Step 3: Identify Failure Modes
Ask Yourself
- What's the worst thing this agent could do?
- What's the most likely failure? (Not the worst, but the most probable.)
- What data would the agent need to be very wrong?
- How would you know if the agent failed? (What metric would break?)
- How long before you'd catch the failure?
- What's the cost of being wrong?
Step 4: Design Governance
The Oversight Model
- Autonomy: What does the agent decide alone?

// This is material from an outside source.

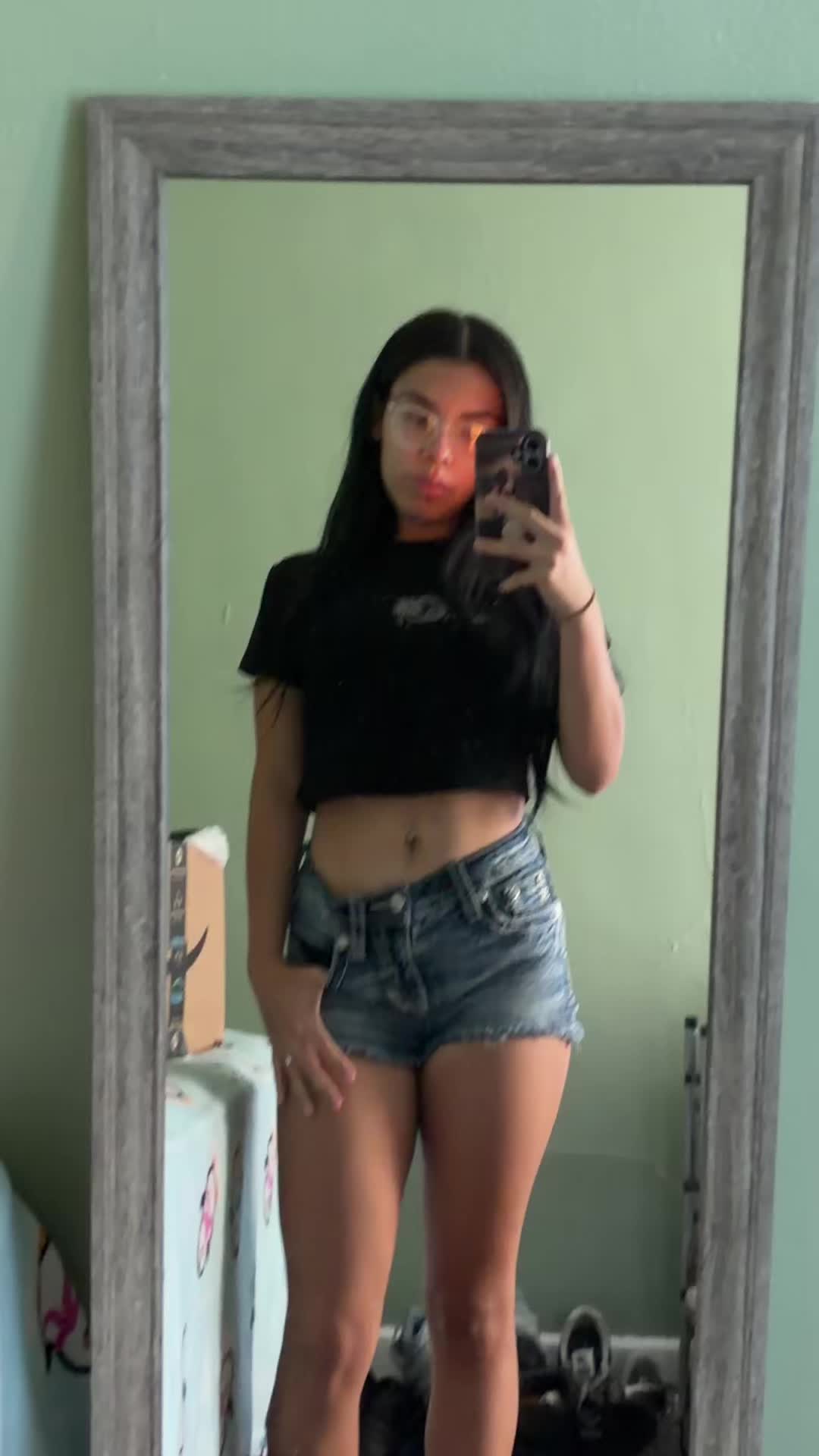 @yadirabrownnn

- Escalation: What decisions go to humans first?
- Audit: How do you monitor the agent's performance?
- Override: How do you stop or correct the agent if needed?
- Accountability: Who's responsible if something goes wrong?

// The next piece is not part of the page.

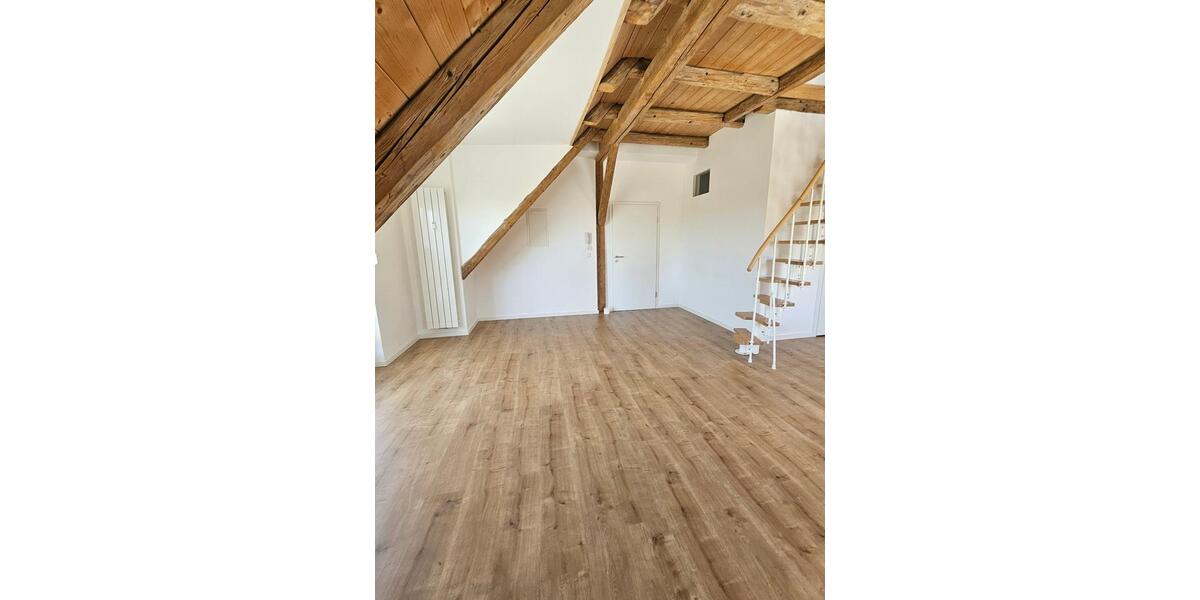 Dachgeschoßwohnung Deisenhausen - 3 Zimmer, 95 m&sup2;, 1.110&euro; | Angebot:26284501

Step 5: Articulate Limitations
Be Honest About
- What your agent can't do (be specific, not vague)
- What it might do worse than humans (even if it's faster)
- What assumptions it relies on (if those assumptions break, what happens?)
- What contexts it's not suitable for
- What you'd need to know before deploying it at scale
Putting It Together: The Design Document
Your portfolio piece should include:
Agent Design Checklist
- 1-sentence summary: "This agent [does what] for [who] to [solve what problem]."
- Problem statement: Why does this problem matter? Who feels the pain?
- Architecture diagram or description: Inputs, reasoning, tools, feedback, safeguards.
- Tool inventory: What can the agent access or do?
- Decision logic: How does it choose? (Simple if-then rules? ML model? LLM? Hybrid?)
- Failure modes: What can go wrong? How likely is each? What's the impact?
- Governance model: Where does it act autonomously? Where do humans approve? How do you audit?
- Limitations & honest assessment: What doesn't it do well? When should humans override?
- Success metrics: How do you know if the agent is actually helping?
- Open questions: What would you need to know before deployment? What research is needed?
Design Principles to Keep in Mind
- Start narrow: An agent that does one thing well is better than an agent that does everything poorly.
- Assume worst case: How will this agent be misused? What happens then?
- Plan for uncertainty: Your agent will be wrong sometimes. How will you detect and fix it?
- Humans come first: The agent is a tool. People's welfare is the goal.
- Be transparent: You should be able to explain your agent to affected users and stakeholders.